![]()
A Machine Learning–Based Virtual Flow Meter for Continuous Estimation of Well Production Rates
Mohammad Amir Ashraff
Mohammad Amir Ashraff, Department of Data Science and Advanced Analytics, Hyderabad (Telangana), India.
Manuscript received on 09 January 2026 | First Revised Manuscript received on 19 January 2026 | Second Revised Manuscript received on 16 April 2026 | Manuscript Accepted on 15 May 2026 | Manuscript published on 30 May 2026 | PP: 1-9 | Volume-6 Issue-1 May 2026 | Retrieval Number: 100.1/ijpe.A192406010526 | DOI: 10.54105/ijpe.A1924.06010526
Open Access | Editorial and Publishing Policies | Cite | Zenodo | OJS | Indexing and Abstracting
© The Authors. Published by Lattice Science Publication (LSP). This is an open-access article under the CC-BY-NC-ND license (http://creativecommons.org/licenses/by-nc-nd/4.0/)
Abstract: Accurate estimation of liquid rate, gas rate, and water cut is essential for effective production surveillance, reservoir management, and operational decision-making in oil and gas assets. In most producing fields, direct production measurements are obtained through periodic well tests or selectively deployed multiphase flow meters, resulting in sparse temporal resolution, delayed detection of production changes, and limited field-wide visibility. Physics-based production models provide valuable engineering insight but require frequent calibration and often struggle to maintain accuracy under transient operating conditions and evolving reservoir behavior. These limitations motivate the use of data-driven approaches that leverage existing field instrumentation to deliver continuous production estimates. This paper presents a machine learning–based Virtual Flow Meter (VFM) for continuous estimation of oil, gas, and water production rates using routinely available operational measurements. High-frequency field data, including pressures, temperatures, choke settings, and, where applicable, lift-gas injection rates, are temporally aligned with historical well-test and laboratory measurements to construct reliable training datasets.
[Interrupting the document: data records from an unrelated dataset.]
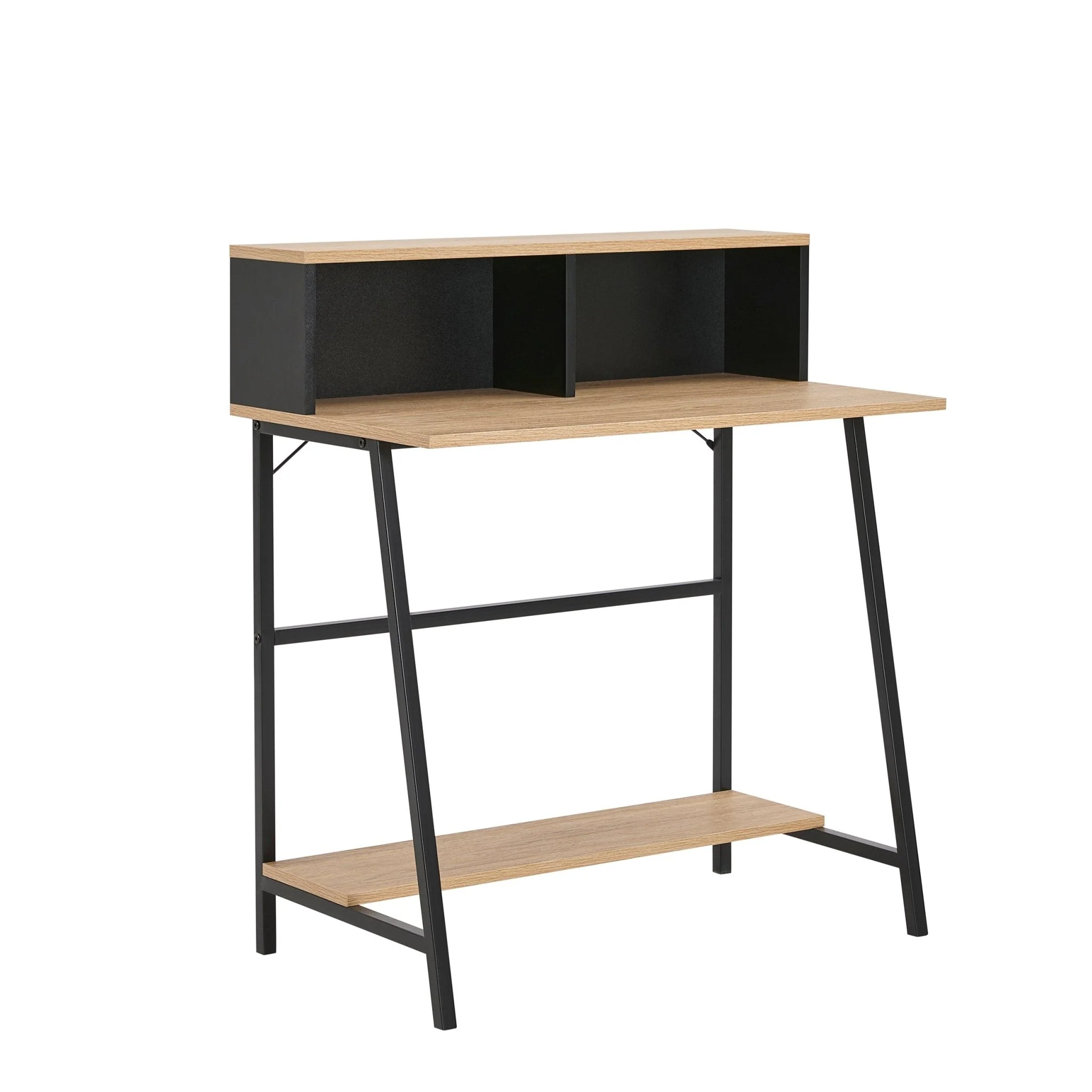 Riley Desk - Light Wood - Image 2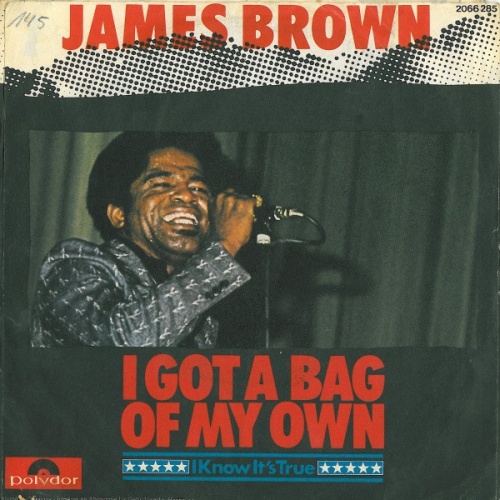 Vinyl / James Brown - I Got A Bag Of My Own / I Know It's True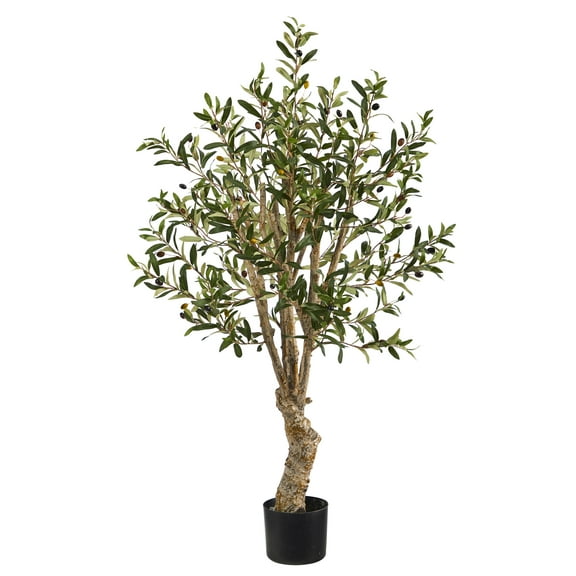 Nearly Natural 3.5' Olive Artificial Tree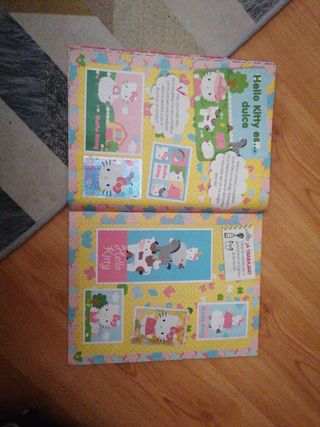 Album cromos hello kitty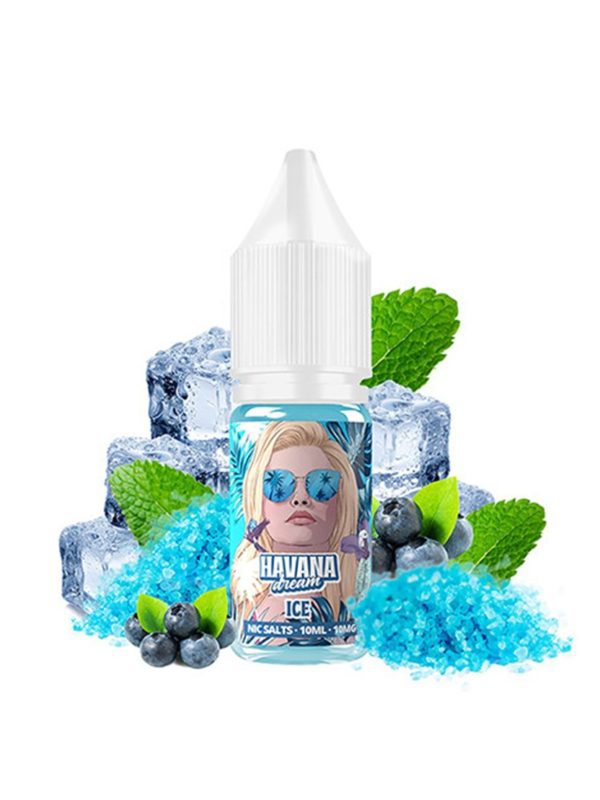 ICE 10ML 10MG NIC SALT - HAVANA DREAM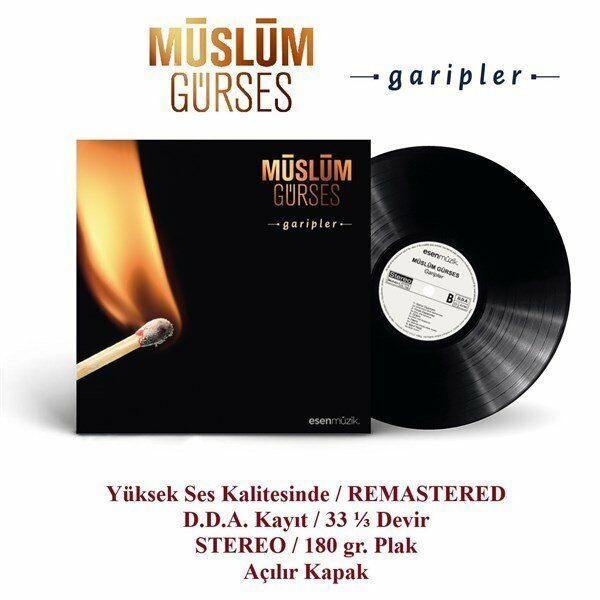 Müslüm Gürses - Garipler 33'lük Plak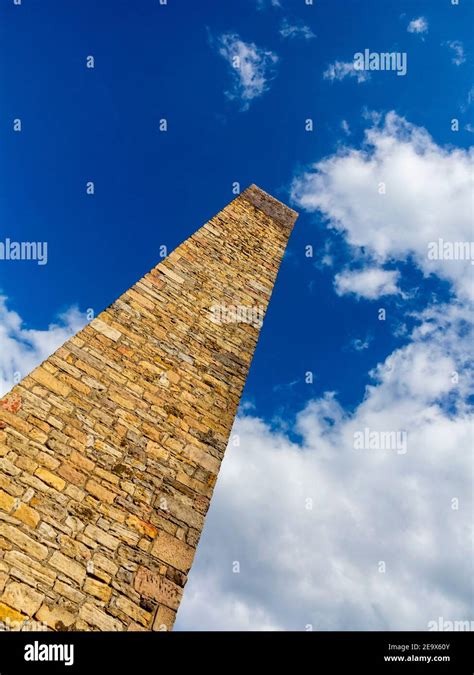Stone Edge Chimney Built 1771 The Oldest Free Standing Chimney In The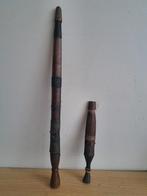 Poignards Omukonda de la tribu Ovambo d'Angola., Ophalen of Verzenden, Zo goed als nieuw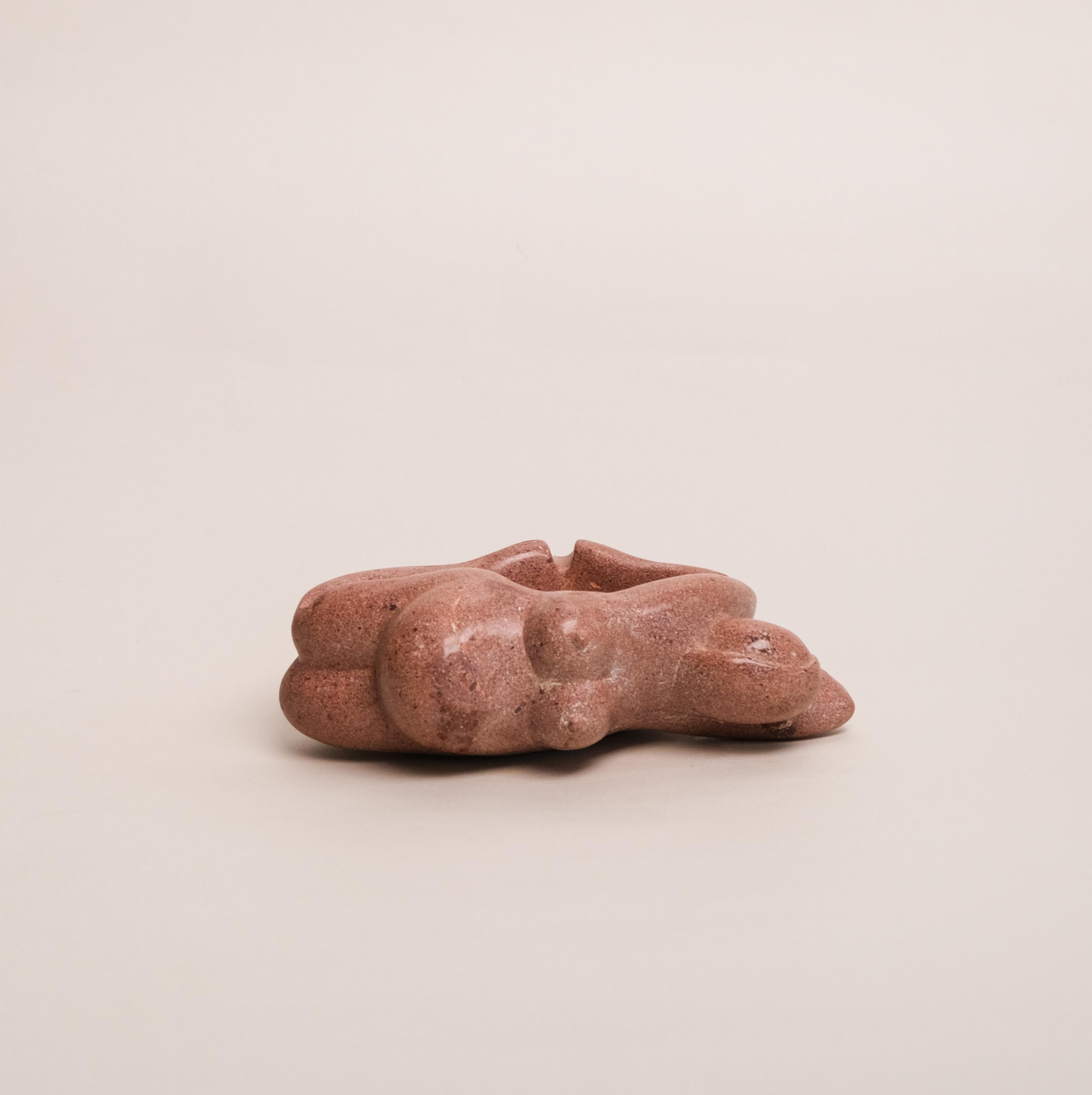 石雕｜擺件 - 伸展 66｜尼加拉瓜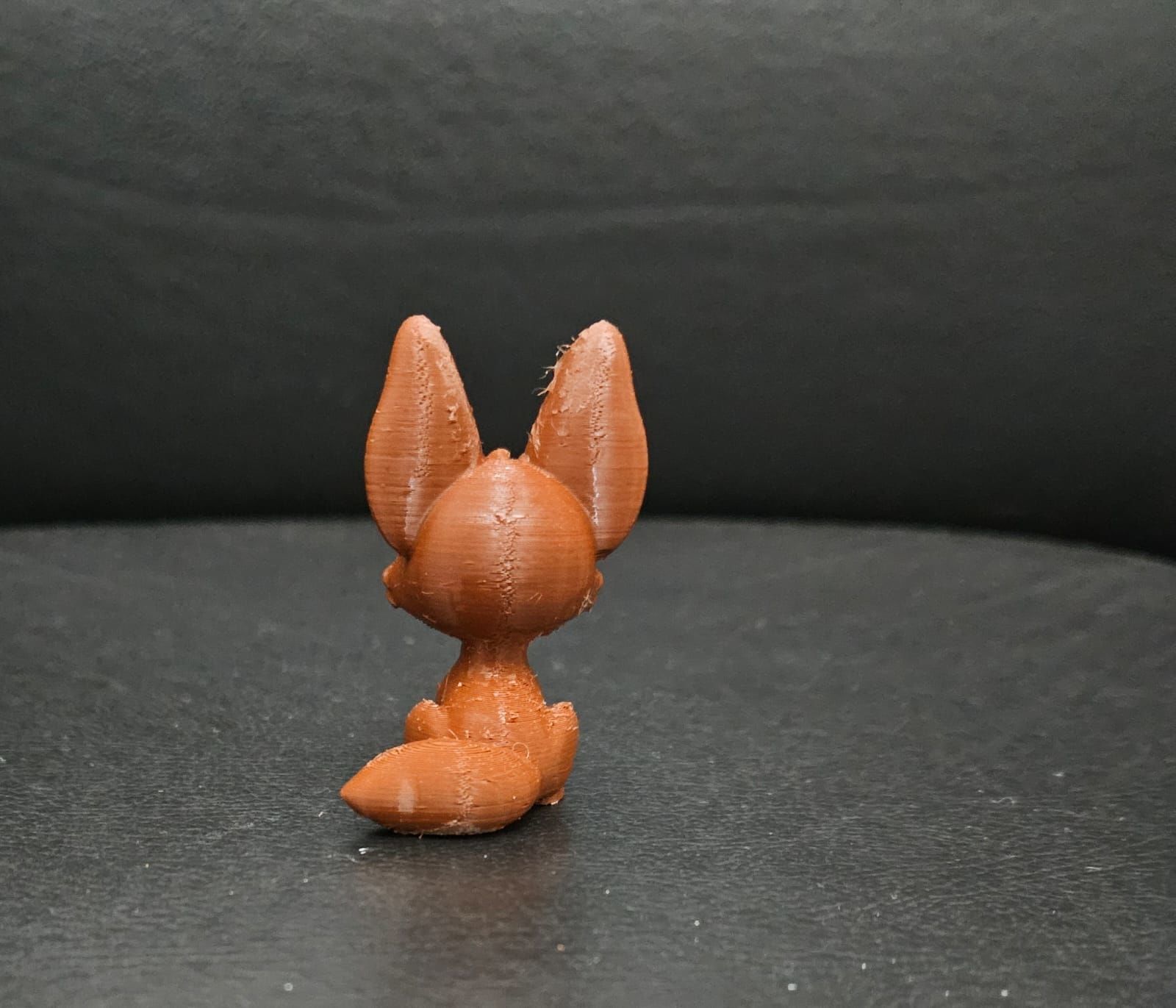 Little Fennec Fox 3D print model_8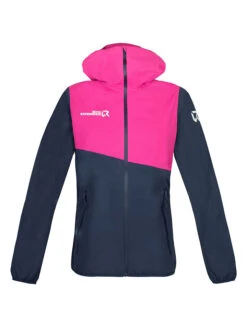 ROCK EXPERIENCE Funktionsjacke "Great Roof" In Pink/ Dunkelblau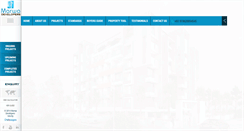 Desktop Screenshot of marwadevelopers.com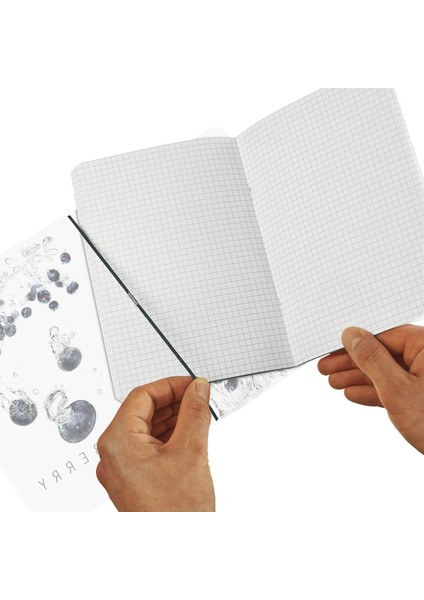 Herlıtz A6 Kareli Defter Blueberry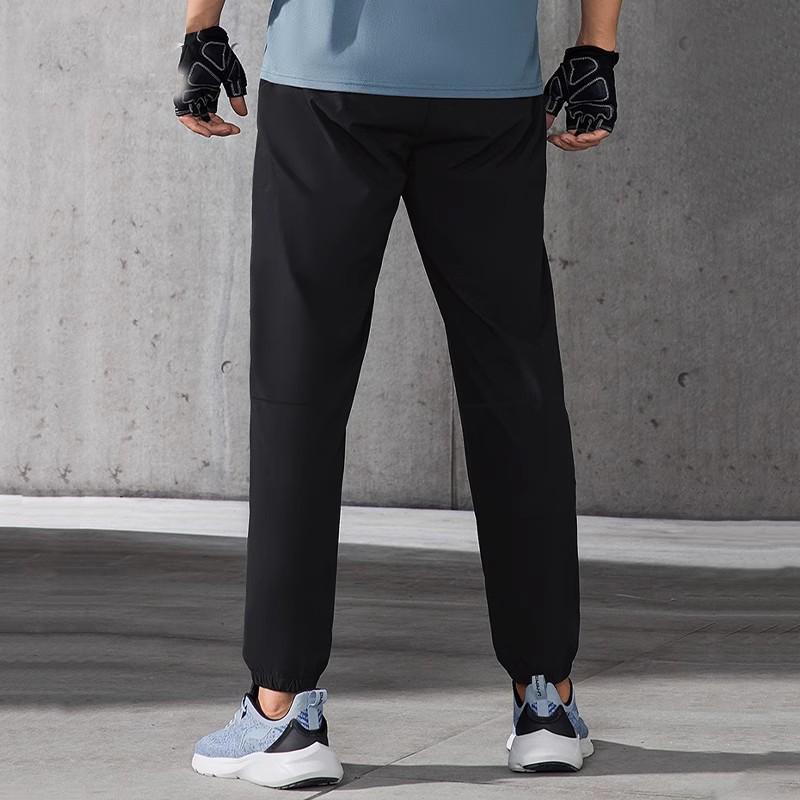 Повседневные брюки Li Ning Унисекс Черные AYKV879-6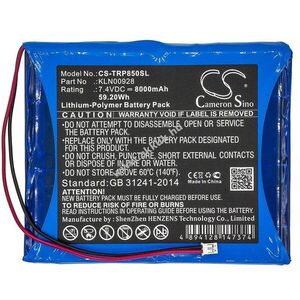 Helyettesítő mérőműszer akku Trimble SPS855 KLN00928 8000mAh 59.2Wh 7.4V kép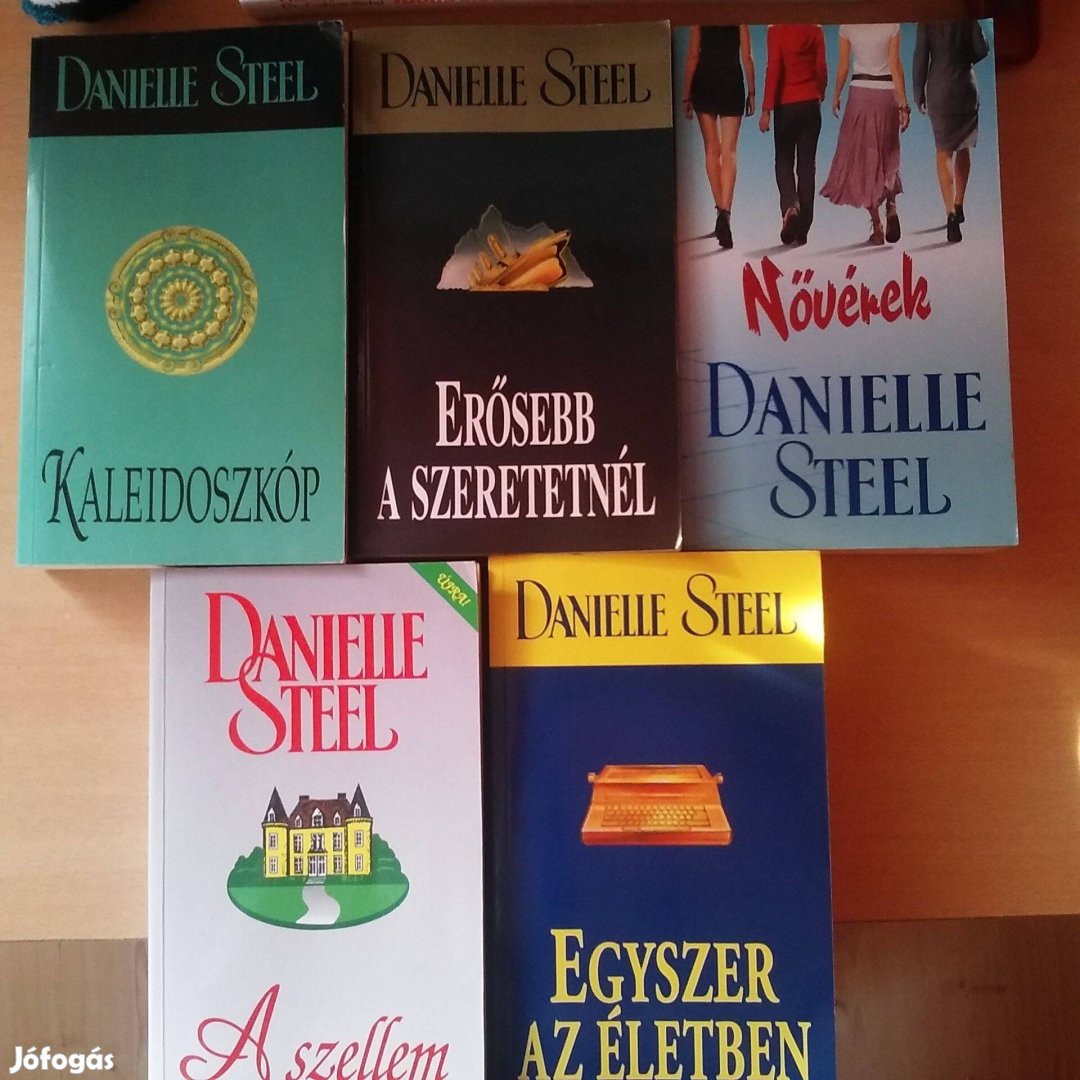 Danielle Steel könyvcsomag 5db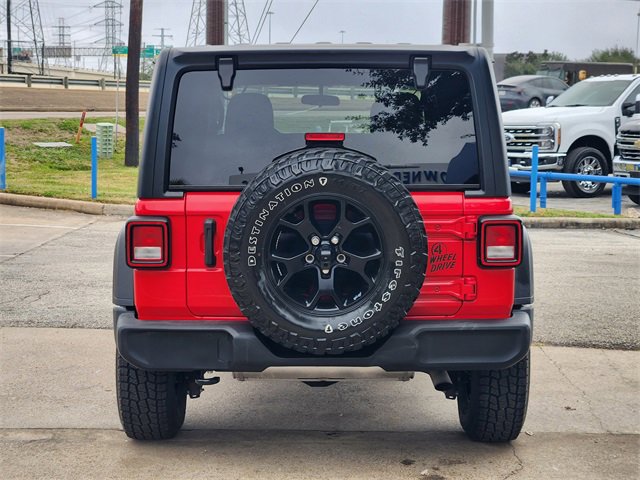 Used 2022 Jeep Wrangler Unlimited Sport image 6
Independent regression models are developed for oil, gas, and water rates, allowing each model to capture phasespecific sensitivities while maintaining physical consistency and avoiding reliance on explicit flow-regime identification or mechanistic multiphase correlations. The proposed VFM is deployed end-to-end on a commercial data analytics platform, enabling continuous ingestion of sensor data, real-time inference, performance monitoring, and periodic retraining. Model validation using historical field data demonstrates strong agreement between predicted and reference production values across all phases, indicating that the data- driven VFM provides reliable, meter-like production estimates. The results show that continuous production surveillance can be achieved without additional hardware or instrumentation, offering a scalable and cost-effective solution for large well portfolios. This approach supports proactive operational decision- making and enhances production visibility across modern oil and gas assets.
Keywords: Virtual Flow Meter, Machine Learning, Well Rate Estimation, Multiphase Flow, Production Surveillance.